PROBLEM: The line containing "Superbe Appartement 1" marks where copying starts, so set down that line and each one after it exactly, through the end of the records.

····················

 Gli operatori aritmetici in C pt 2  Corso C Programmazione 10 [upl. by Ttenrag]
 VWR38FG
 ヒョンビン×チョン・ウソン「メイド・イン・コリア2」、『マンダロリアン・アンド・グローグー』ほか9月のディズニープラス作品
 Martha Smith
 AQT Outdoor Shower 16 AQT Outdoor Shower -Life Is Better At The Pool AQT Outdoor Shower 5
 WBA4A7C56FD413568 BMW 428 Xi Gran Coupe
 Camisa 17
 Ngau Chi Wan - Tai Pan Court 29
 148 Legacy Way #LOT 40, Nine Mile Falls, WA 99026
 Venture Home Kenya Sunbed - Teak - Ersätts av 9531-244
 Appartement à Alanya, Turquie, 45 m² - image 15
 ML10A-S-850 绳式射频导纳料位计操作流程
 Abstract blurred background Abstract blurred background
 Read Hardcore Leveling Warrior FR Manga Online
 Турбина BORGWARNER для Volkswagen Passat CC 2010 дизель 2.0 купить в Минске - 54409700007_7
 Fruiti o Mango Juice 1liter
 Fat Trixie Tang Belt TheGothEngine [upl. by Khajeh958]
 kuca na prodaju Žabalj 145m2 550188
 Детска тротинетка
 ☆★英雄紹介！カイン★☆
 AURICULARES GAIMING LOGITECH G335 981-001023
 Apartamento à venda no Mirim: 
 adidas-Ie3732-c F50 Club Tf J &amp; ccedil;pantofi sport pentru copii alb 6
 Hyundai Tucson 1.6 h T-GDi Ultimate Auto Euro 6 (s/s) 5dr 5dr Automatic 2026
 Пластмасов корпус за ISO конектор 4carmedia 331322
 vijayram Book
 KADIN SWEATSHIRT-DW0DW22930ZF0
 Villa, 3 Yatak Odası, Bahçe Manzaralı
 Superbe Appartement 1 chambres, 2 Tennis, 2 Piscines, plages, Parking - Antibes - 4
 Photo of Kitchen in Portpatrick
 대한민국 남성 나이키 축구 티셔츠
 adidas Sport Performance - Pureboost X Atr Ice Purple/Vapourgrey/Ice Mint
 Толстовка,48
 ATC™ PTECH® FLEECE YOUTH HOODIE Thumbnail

····················

EXERCISE RESPONSE:
 Superbe Appartement 1 chambres, 2 Tennis, 2 Piscines, plages, Parking - Antibes - 4
 Photo of Kitchen in Portpatrick
 대한민국 남성 나이키 축구 티셔츠
 adidas Sport Performance - Pureboost X Atr Ice Purple/Vapourgrey/Ice Mint
 Толстовка,48
 ATC™ PTECH® FLEECE YOUTH HOODIE Thumbnail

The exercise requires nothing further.